Pulling Together the Team
Everyone seems to be working toward building the performance-based system in D51. School board members are knowledgeable and enthusiastic. District leadership is reorganizing to clarify roles, scope, and authority as well as how they communicate and make decisions. Teams on a variety of areas of work have been created, and they are in the process of identifying how these teams intersect.
Superintendent Steve Schultz recruited Rebecca Midles from Lindsay Unified (and before that, RISC and Highland Tech) to join D51 as the Executive Director of Performance-Based Systems to build capacity internally. A team of professional learning facilitators (teachers on special assignment) were pulled into the team: Heather Flick, Amy Shephard-Fowler, and Bil Pfaffendorf (with experience at Lindsay and Westminster formerly known as Adams 50). They are designing the professional learning system as well as contributing to much of the design process of the P-BL system to ensure alignment.
And then there are the educators at the demo schools.
D51 has been walking a tightrope of investing in demonstration (or demo) schools while still ensuring that any school can move forward. This isn’t a district with a flood of federal dollars to support personalized learning coaches for each school. Demonstration status means that teachers have voted to move forward – many at 95 or even 100 percent support – and that principals have the opportunity to meet together to talk about and address emerging issues.
The Demo School Principals Meeting is serving a lot of functions. It’s where people share resources such as Tool Time for Education by Langford and a video of a teacher confessing that he finally understood that he was the problem in the classroom, not the students. It’s also an opportunity to reflect, build understanding, and identify areas of tension (or as D51 thinks about it – as opportunities to move their district toward their vision). At the meeting I attended, the principals paired off then square-paired to share how they describe performance-based learning to their constituencies and to explore what personalized learning means. They were beginning the early discussions about personalization (the fourth phase of implementation), so the demo school principals had a deep understanding of what personalized learning means well before they began to “grow into it”.
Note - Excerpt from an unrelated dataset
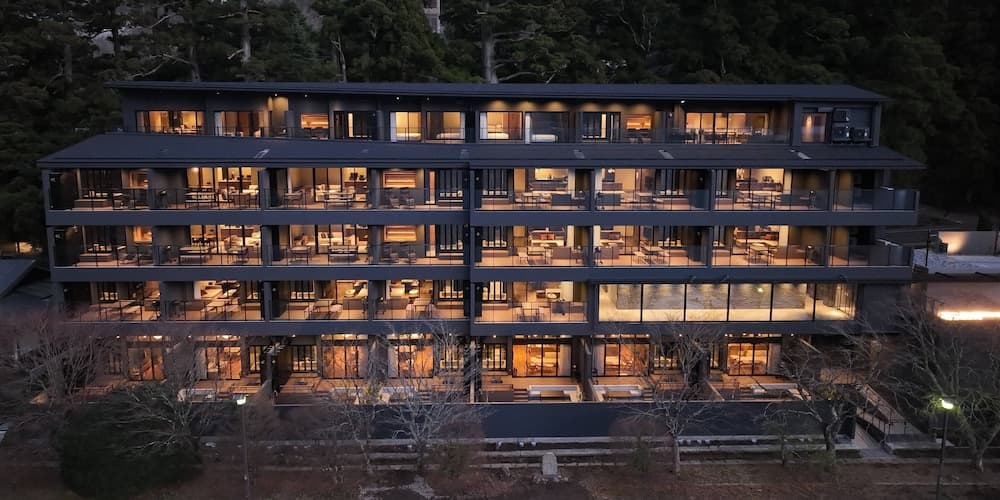 RakutenSTAY FUJIMITERRACE HakoneAshinoko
Understanding this Implementation Strategy
Take a breath. That is the “what” D51 is doing right now. However, I think it is helpful to go a little deeper to look at why they’ve designed it this way and some of the lessons they are learning along the way.
D51 has created this implementation strategy for a number of reasons:
- Urgency: They have momentum and they don’t want to lose it with a long implementation roll out.
- Enthusiasm: The schools and educators that are on board would prefer to get going even if they know that the P-BL system won’t be designed and ready to begin implementation until fall of 2017. They’d prefer to be moving forward where they can.
- Open Learners: I met an extraordinary set of educators at D51. These innovators and early adopters all understand that they are on a steep trajectory curve and they are along for the ride. Knowing the phases while having the time to deepen their learning is actually a luxury. They all know they are walking around way outside their comfort zones, a little cloud of confusion hanging over their heads, and are fully aware that this is what it means to learn and work in a learning organization.
Other districts shorten the process of laying the foundation of the growth mindset too much and pay for it later.
- Valuing the Process of Laying the Groundwork: D51 thinks it is very important to take the time to lay the foundation of growth mindset and the right set of values. Midles remarked that other districts shorten this process too much and pay for it later. Integrating the growth mindset in school culture might take longer in some schools than others, and that’s okay.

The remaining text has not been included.